El hecho que a la presidencia de Colombia hayan podido llegar antisociales, solo termina demostrando los niveles de ignorancia y desesperación en que se mueven las sociedades locales, regionales y nacional, aunque la gota que desbordó la copa de la ignominia representativa de estas circunstancias se dio con Álvaro Uribe, un personaje que desde que arribó al cargo presidencial comenzó a minar los escasos cimientos éticos existentes en medio de una cultura inmoral establecida para los manejos políticos y sociales de un país acostumbrado al asesinato del opositor, a la expansión del terror y a la corrupción generalizada, hasta el extremo que se justifican y se normalizan fácilmente.

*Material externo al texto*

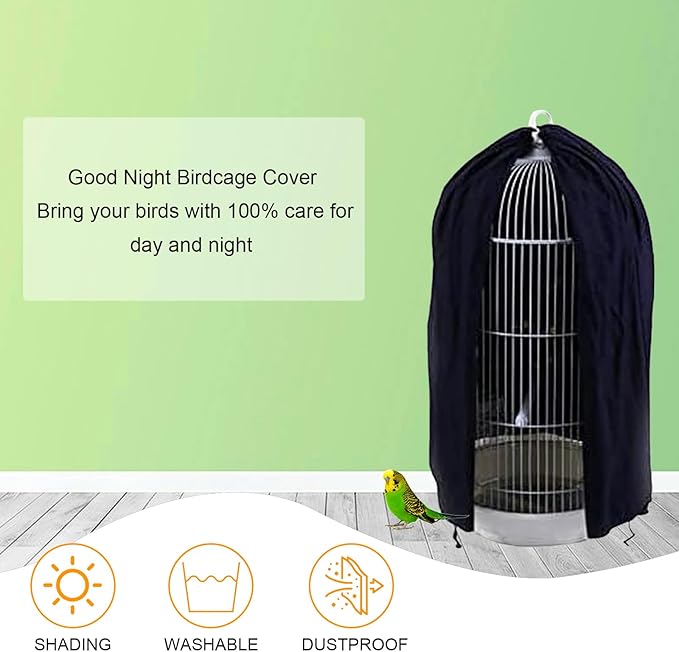 Black Round Dome Top Bird Cage Cover Shield, Birdcage Light Covers Skirt - Image 5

Muchos ciudadanos y habitantes del campo avalaron su inicial presencia ante la insensata y desaforada violencia propiciada por inconformes grupos antisistema que encontraron en la confrontación armada la mejor y única herramienta para enfrentar a unas élites corruptas, enquistadas entre las instituciones del Estado, y mamando pegadas a la teta del erario, sin llegar a considerar que era un método absurdo e imperfecto, ya que al usar la violencia esta trae más violencia, y que al germinar el narcotráfico fueron cooptados de inmediato por una cruenta guerra de intereses insanos, transformándolos de inmediato en los conductos regulares e ideales para que todo tipo de delincuentes y bandidos justificaran sus acciones, difuminando la imagen de luchadores sociales hasta convertirlos en aliados de los males que querían o pretendían combatir, al extremo que hoy no se sabe a ciencia cierta si eran o no unos socios estratégicos.
Ahora que el país, por un escaso margen de diferencia vale la pena aclarar, optó por recorrer un camino diferente a los acostumbrados partidos y movimientos políticos tradicionales, al elegir una alternativa progresista, nos estamos encontrando frente a un escenario disruptivo, pues el statu quo, al querer retomar el control de lo perdido, está propiciando una enervación de los niveles de violencia que el gobierno actual intenta disminuir hasta unas justas proporciones, teniendo que usar la malhadada frase de un anterior presidente, político reconocido por sus corruptas acciones, dejando en latencia las certezas que implican las probabilidades de que seamos un Estado fallido, y mucho más desde cuando nos dejamos imponer un modelo aplicado contra las drogas ilícitas a través de una guerra desaforada, impuesta por los Estados Unidos.